House-church leaders acquitted of ‘acting against national security’

House-church leaders acquitted of ‘acting against national security’

Aziz (Andreas) Majidzadeh is 56 years old and lives in Tehran with his wife and two children.

Two Iranian Christian converts have overturned on appeal a combined 10-year prison sentence for their leadership of a house-church.

Aziz Majidzadeh, known as Andreas, and another convert who cannot be named, were sentenced to four and six years in prison respectively in July – a ruling that was not made public at the time.

But on 9 November, an appeals court judge overturned the verdict, ruling there was insufficient evidence their leadership of a house-church amounted to “actions against national security”.

The ruling has been hailed as “miraculous”, given the numerous rulings – including the initial judgement in this case – made against house-church members for alleged “actions against national security”.

And it is another example of the subjective and arbitrary nature of law and order in Iran’s revolutionary courts, given that another Christian convert, Nasser Navard Gol-Tapeh, who is currently serving a 10-year prison sentence for membership of a house-church, recently saw his third plea for a retrial rejected, despite using the very same arguments that have now seen two other converts acquitted.

In his ruling, the judge at Branch 34 of the appeal court in Tehran, Ali Asghar Kamoli, referred to the statements made by both Andreas and the other convert during their interrogations, noting:

“Both defendants have similarly stated that, ‘We are Christians and members of a house-church, and have gathered for worship and prayer, but have not done anything against our country, which we love.

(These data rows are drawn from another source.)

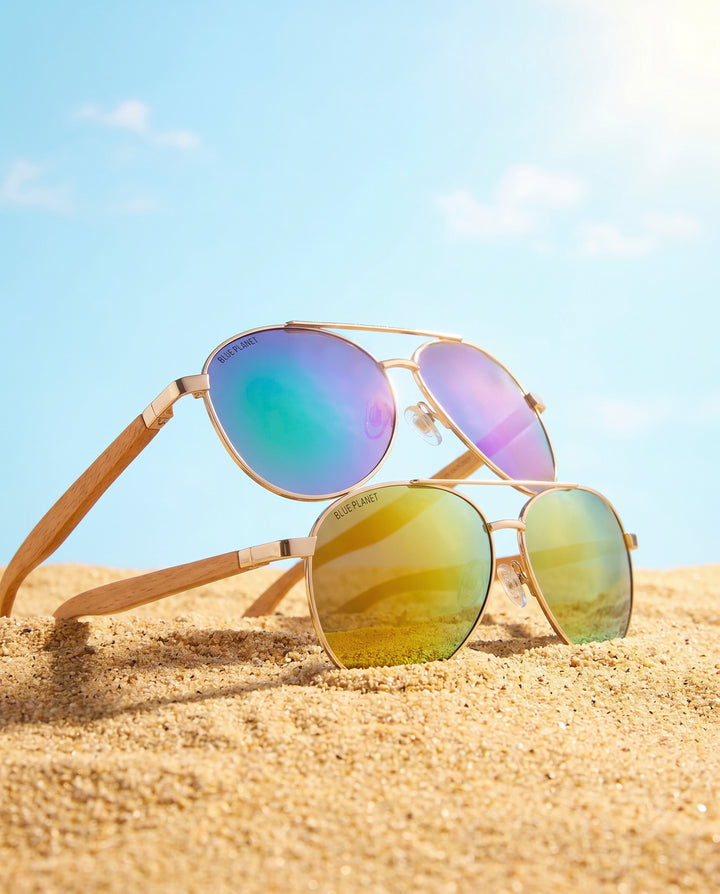 BP19338 - NEW Amador Matte Gold / Beechwood /Red Mirror Polarized Lens
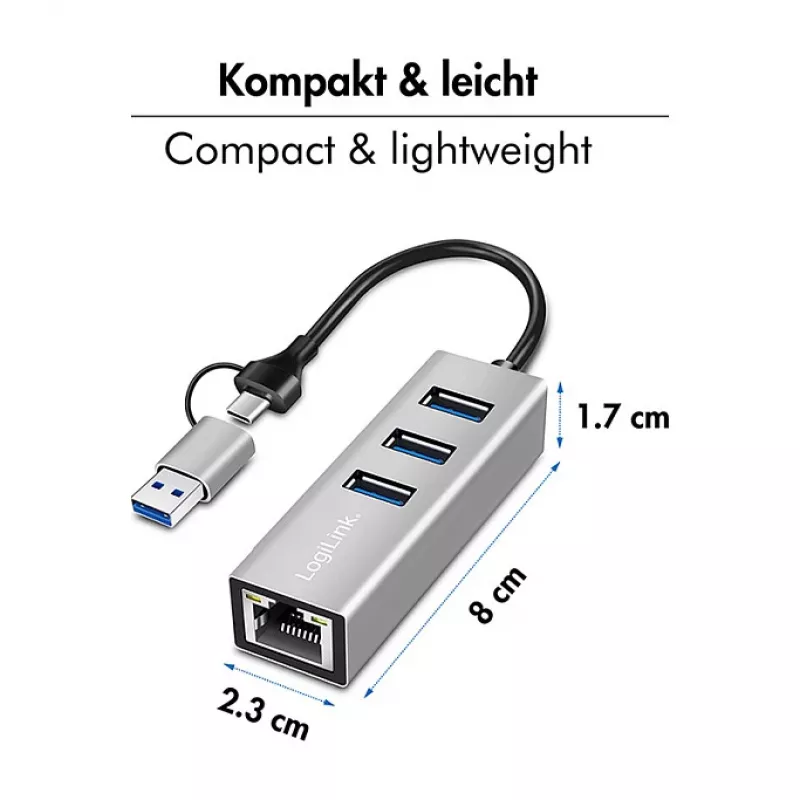 Logilink UA0440 USB 3.2 Gen 1 3-port hub s Gigabit Ethernet adaptérom, USB-C a USB-A konektor, hliník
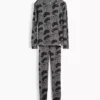 Çocuklar İçin Organik Fırçalanmış Pamuklu Pijama Seti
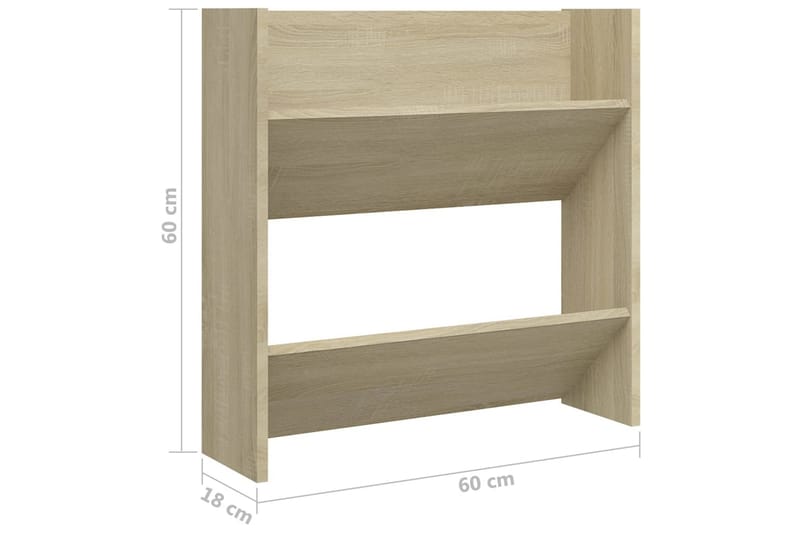 Veggskoskap 4 stk sonoma eik 60x18x60 cm sponplate - Brun - Oppbevaring - Skooppbevaring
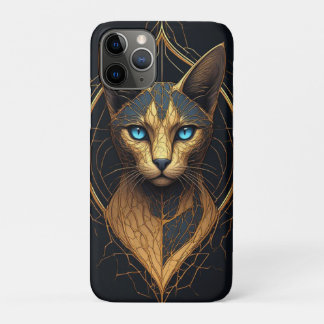 Black Cat Portrait With Gold Geometric Details Case-Mate iPhone Case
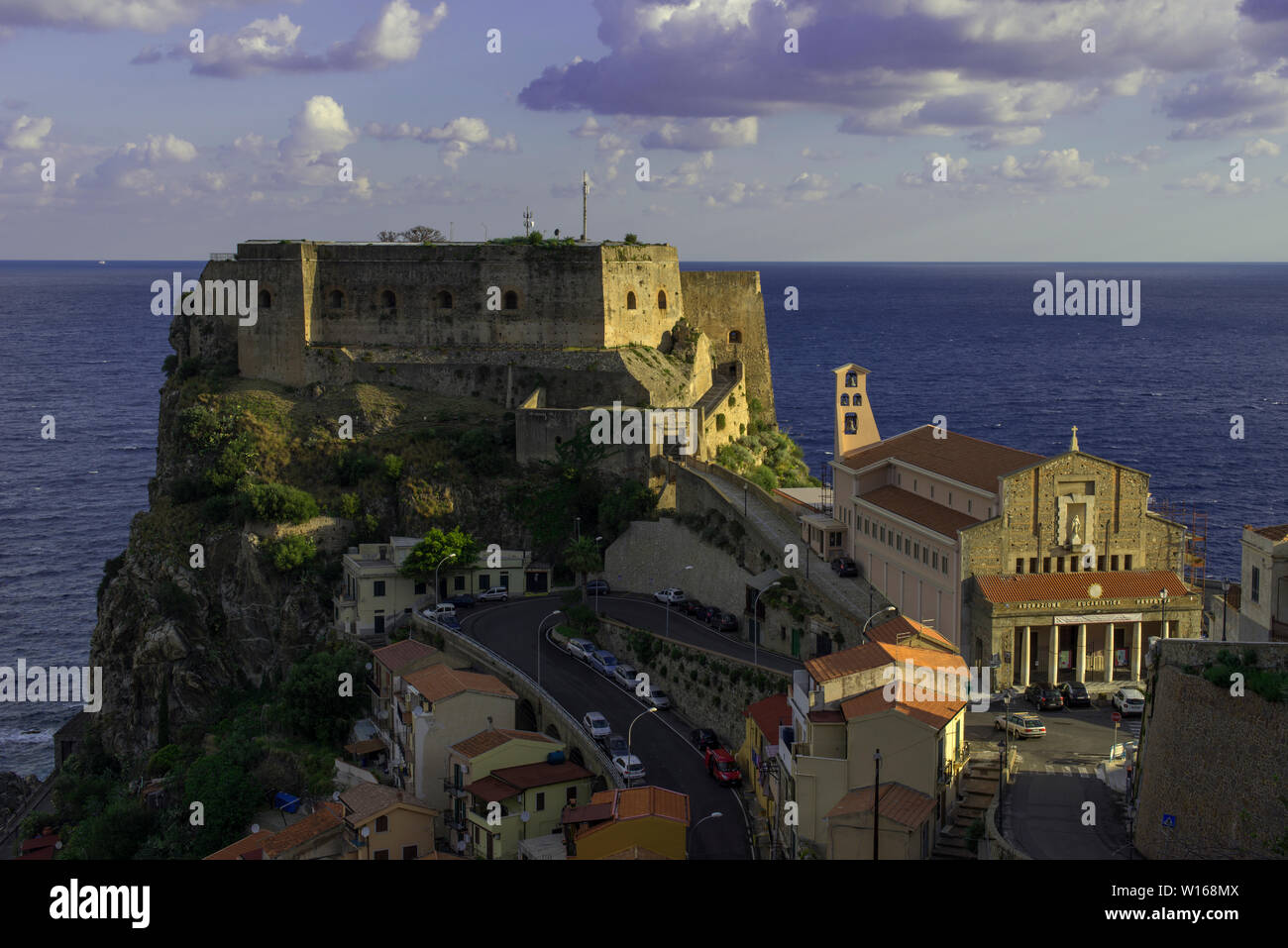 Castello Ruffo, Scilla, Kalabrien, Italien, Schloss, goldenen Stunde Stockfoto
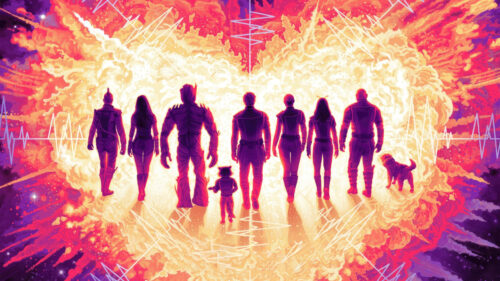 Guardians of the Galaxy Silhouette Explosion Desktop Wallpaper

We are law-abiding Christians, and the Bible calls us to respect and honour the laws of our country.’”

Based on these statements, Judge Kamoli overturned the verdict, referencing Article 120 of the Islamic Penal Code, which states: “If there is any evidence that puts a shadow of doubt over the conditions in which a crime may or may not have taken place, the defendant shall be found innocent.”


Andreas and the other convert were among 20 Christians detained following a raid on a house-church in Karaj, near Tehran, on 2 March 2018.

Most were released a few days later, but Andreas was held in Tehran’s Evin Prison for more than two months.

He was eventually released on bail on 10 May 2018, at which time he had yet to be formally charged.

But Andreas and the other convert were later charged with “acting against national security” through membership and organisation of an “illegal” group, and “propaganda against the state”.

At Branch 26 of the Revolutionary Court in Tehran, on 25 July 2020, they were cleared of the final charge of “propaganda against the state”, but found guilty of both membership and organisation of a house-church and sentenced to four and six years in prison, respectively, under articles 498 and 499 of the Islamic Penal Code, which relate to membership and organisation of groups “hostile to the regime”.

They were also sentenced to three months’ community service in an old people’s home, a two-year travel ban, and a two-year ban on membership of any political or social group – all of which would have come into force at the conclusion of their prison terms.